The eiffel node connects with arc, location, view, hotel, staff, helpful, friendly, and clean. The arc node links with eiffel, location, view, staff, helpful, and hotel. → Positioned between the Eiffel Tower and Arc de Triomphe, the hotel is praised for its stunning views and exceptionally central location.

#🏗️ 3. Ongoing Renovation Work

The renovation node is connected to ongoing, noisy, noise, informed, morning, wifi, furniture, time, booking, lot, and due. → Noise and renovation notices are consistently mentioned across reviews.

#🛠️ 4. Aging Facilities & Need for Updates

Nodes such as refurbishment, outdated, dated, and broken cluster with hotel, view, and staff. → Negative terms like “outdated,” “dated,” and “broken” rank high in TF–IDF scores, indicating frequent concerns about aging infrastructure.

#🥤 5. Beverage & In-Room Amenities

The water node connects with free, coffee, tea, kettle, bottle, facilities, shower, temperature, hot, cold, and bathroom. → Many reviewers compliment the complimentary water, in-room coffee/tea makers, and reliable hot/cold water.

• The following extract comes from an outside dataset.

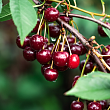 Вишня 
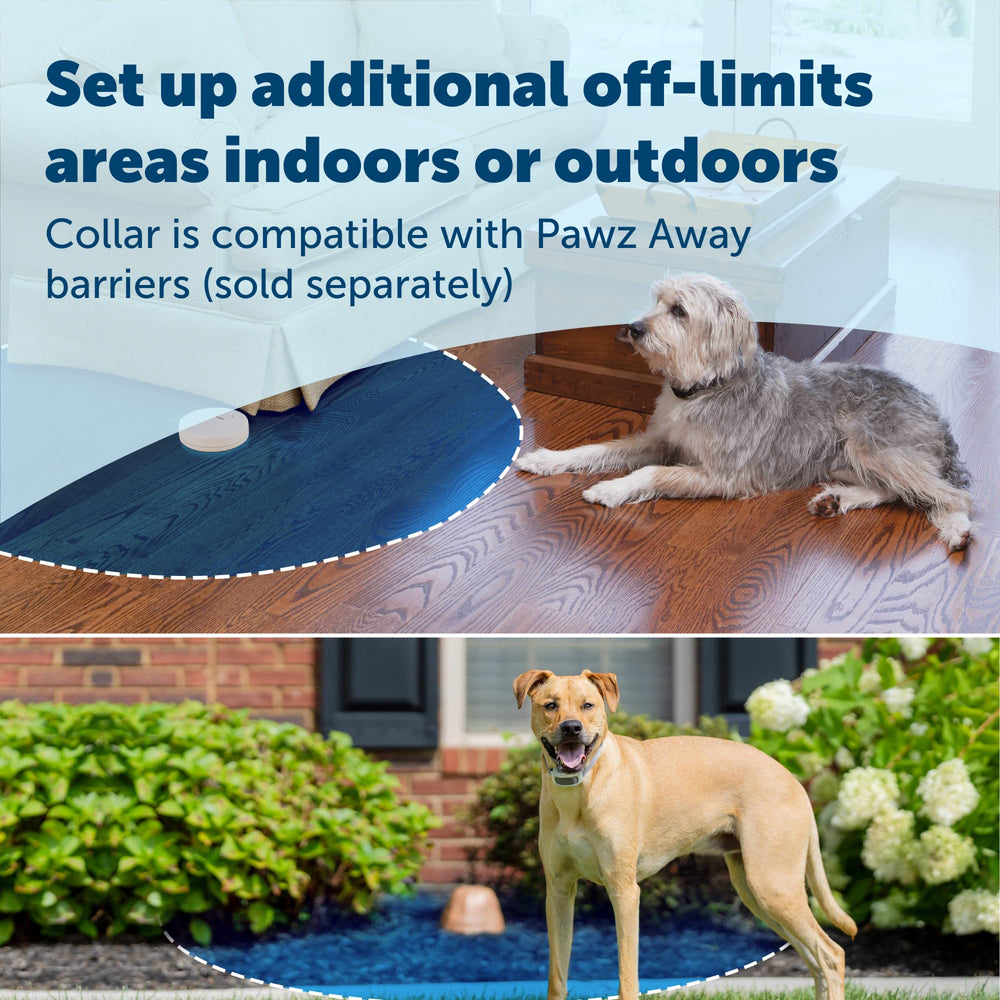 PetSafe PawZ Away compatibility demonstrates keeping pets from off-limit areas.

#🛍️ 6. Access to Shopping & Leisure

The shopping and mall nodes are linked with metro, views, night, and bit. → Proximity to the metro, shopping centers, and walking paths makes it convenient for shopping, nighttime strolls, and leisure activities.

✨ Summary

Reviews of Hyatt Regency Paris Etoile highlight: Metro access as a top strength Spectacular views of the Eiffel Tower and Arc de Triomphe, along with a prime location Ongoing renovation noise and lack of advance notice Concerns over dated facilities and room conditions Complimentary drinks and amenities praised by guests Immediate proximity to shopping malls and leisure spots

🏨 Final Recommendation: Hyatt Regency Amsterdam

Ideally located in the heart of Amsterdam, allowing easy walkable access to major attractions Peaceful canal-view rooms and friendly service provide a relaxing atmosphere Excellent tram and metro access, making it easy to reach the airport and city outskirts Described as a “hidden gem” with a cozy, emotional vibe—perfect for solo travelers seeking calm in the city

Conclusion

I’m glad I was able to analyze the data in such an interesting way. It was rewarding to see that the results turned out to be meaningful. I also learned many new techniques using ChatGPT 😊

If I had more time, I feel confident that I could dive even deeper into the analysis. I’m motivated to explore even more methods going forward.